(no title)
rmb938 | 4 years ago
I run a few hundred Kafka clusters with message counts per second in the tens of millions for some clusters, a few thousand partitions, message sizes around 7kb with gzip compression, and have never needed the amount of CPU and network/disk throughput mentioned. With node counts range between ~10-25. Most of my clusters reaching those speeds at most average around 7Gbps of disk throughput per broker.
I have recently started running Kafka in GCP with their balanced ssd disks capping out at 1.2Gbps I'm not seeing much of a performance impact. It requires a few more brokers to reach the same throughput but not having any of the performance and scaling issues mentioned in this post.
My brokers are sized a bit differently than mentioned in the post as well, low amount of CPU (maximum 20ish cores) but much more memory around 248GB for my larger clusters. So maybe that has to do with it? Maybe the broker sizes that were chosen are not ideal for the workload?
Maybe I've been lucky in my setups but I would like to know a bit more. Having been running Kafka since the 0.10 days and now on 2.6 for all my clusters this type of performance problem seems a bit puzzling.
lizthegrey|4 years ago
the problem was that we were really really disk limited before for keeping the 48 hour window of data, having to keep everything on NVMe or EBS was astoundingly expensive.
but yeah, we run it all off 6 brokers now.
throwdbaaway|4 years ago
- issues with tail latency and cost when using gp2
- issues with generally bad performance when using st1
- issues with reliability when using gp3 (as an early adopter of aws "GA" product)

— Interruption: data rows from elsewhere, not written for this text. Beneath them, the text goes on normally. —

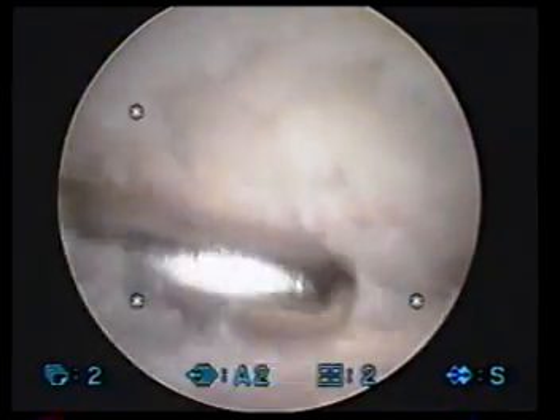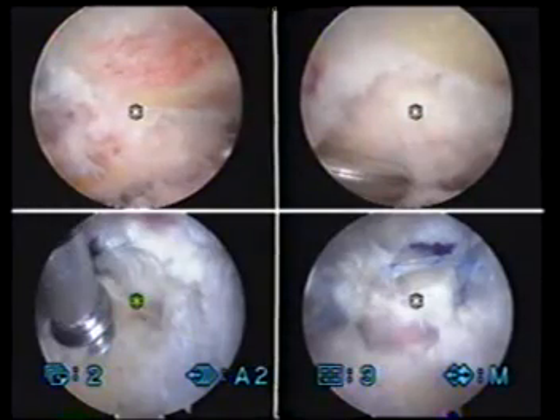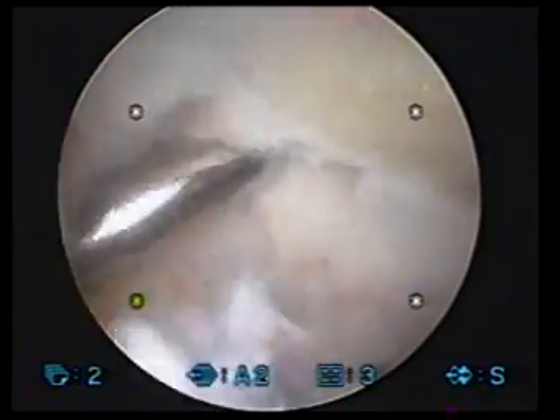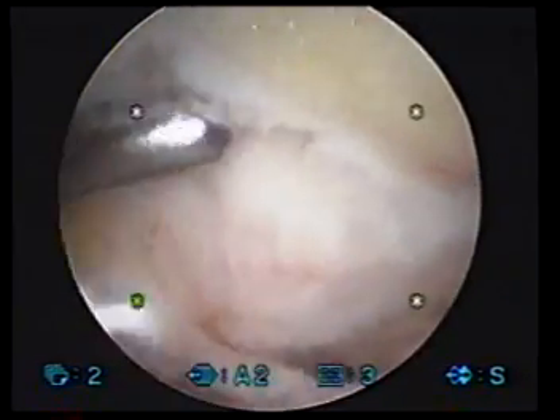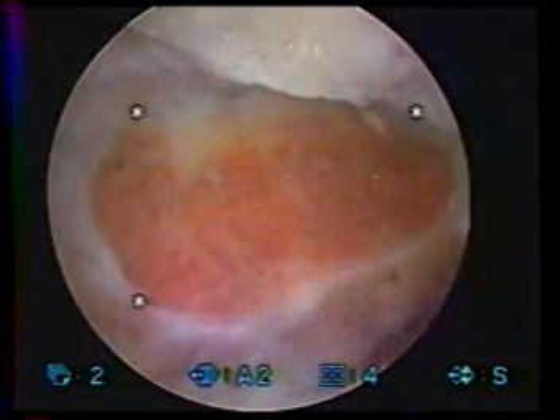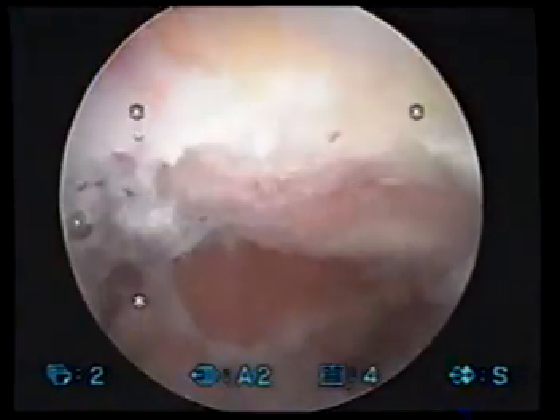And there you see some wear changes right there on the end of that collarbone joint. That's what we're going to be cleaning up for you. We'll use this little shaving device to clean out the joint, and then we'll use our burring device to create some more room there and get rid of the bone spurs. There's the end of the collarbone joint once we've got that all cleaned out. There again is the undersurface of the acromion.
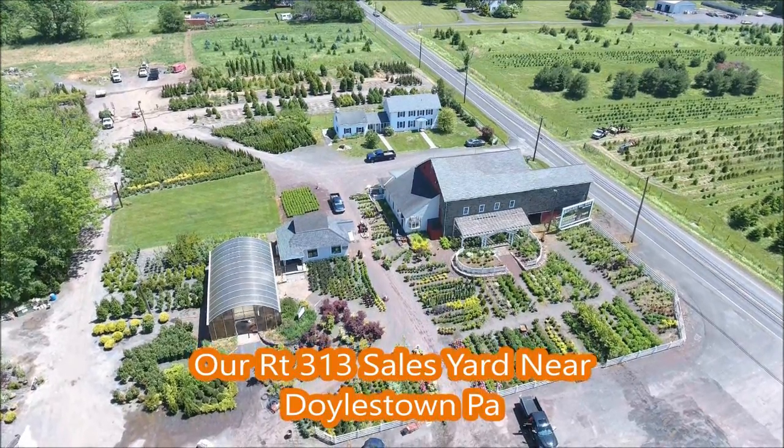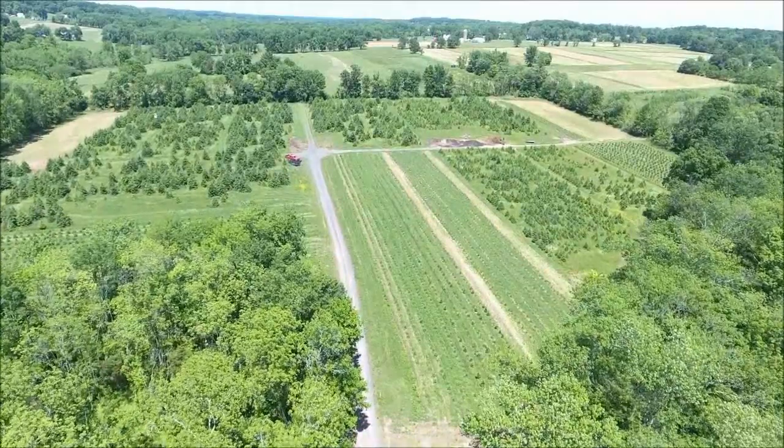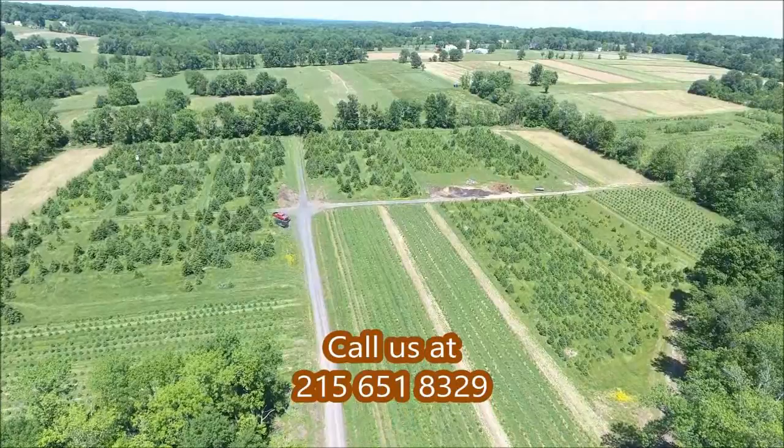This is an aerial view of our Fountainville, PA sales location on Route 313, which is about a mile and a half west of Doylestown on Route 313 in Bucks County, PA.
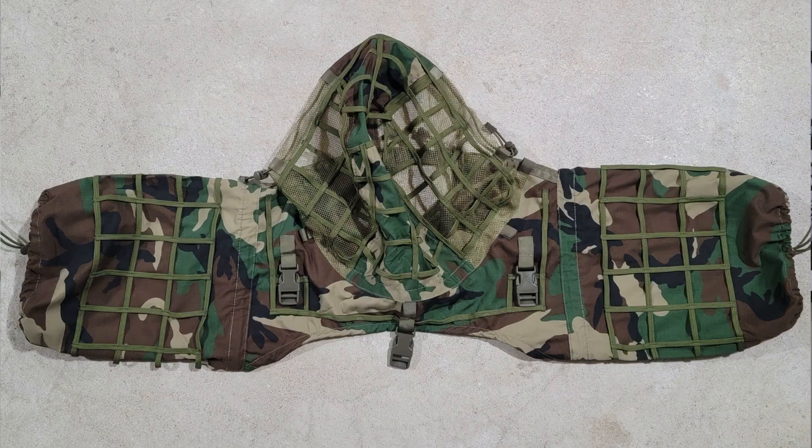Hey everyone, Rob here from Gunfather Milsim, and today I'm bringing you a review of the Roco Tactical Viper Hood. Obviously it doesn't come like this from the factory — I added a bunch of disguise elements to it, and when you use it in the field you'll add a bunch of vegetation on top of that. I'll throw in some photos of how it looks from the factory.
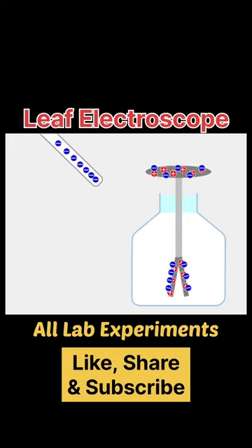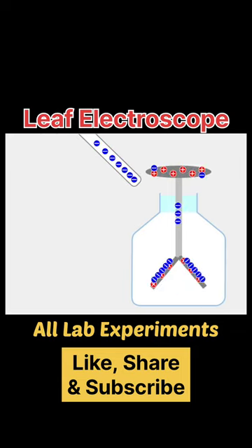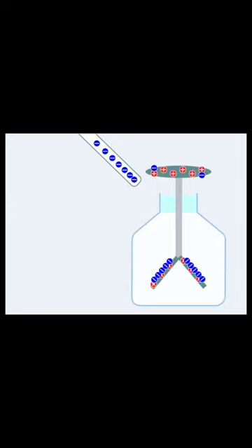On the other hand, when the rod is negative, it will repel all the negative charges. Overall, this leaf electroscope is used to detect the charge on any body.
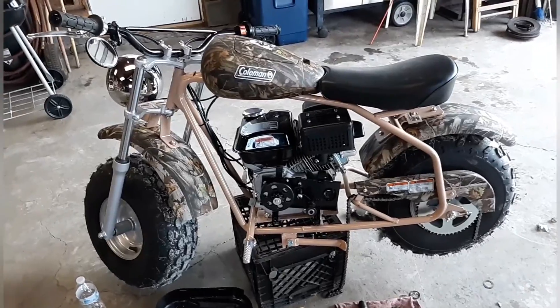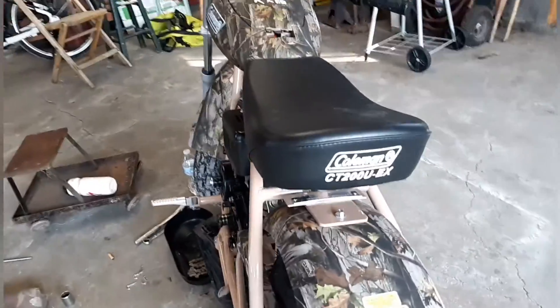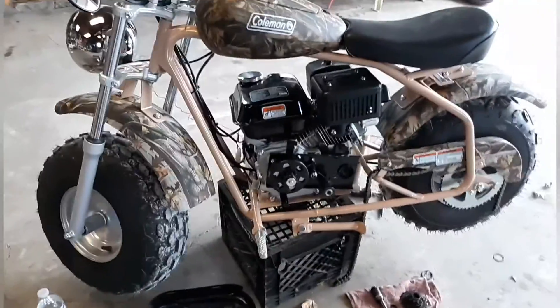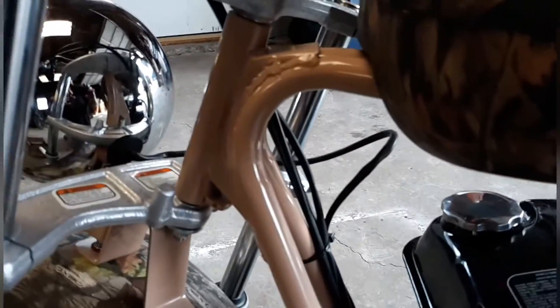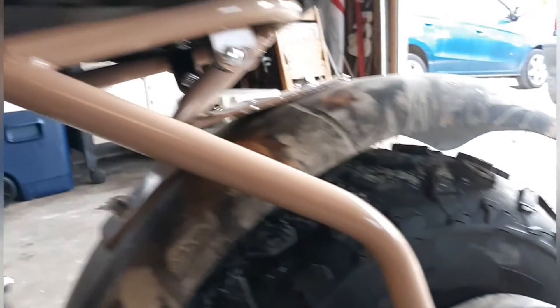Here is my Coleman CT200U EX. It's got a 196cc Predator clone type motor on it. It's all made in China. The actual mini bike itself is not bad — everything seems to work. As you can see the welds are kind of terrible. It's really not the best built mini bike on the market, I guarantee that. But for the price you really can't go wrong.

- issues with insufficient disk space when using local-attached nvme
- issues with confluent licensing cost
And tiered storage solves all of that.
The thing is, I have not seen kafka struggling with disk performance when running on gcp pd-ssd. Perhaps even pd-balanced would do the trick, as indicated by rmb938's comment. I am glad that you guys finally landed on a boring solution now, but things have been rather boring for years with another cloud provider. Perhaps there is no material impact from the high tail latency when using gp2, and you just needed a better contract negotiator? Surely the tail latency would be worse now whenever data need to be pulled from S3?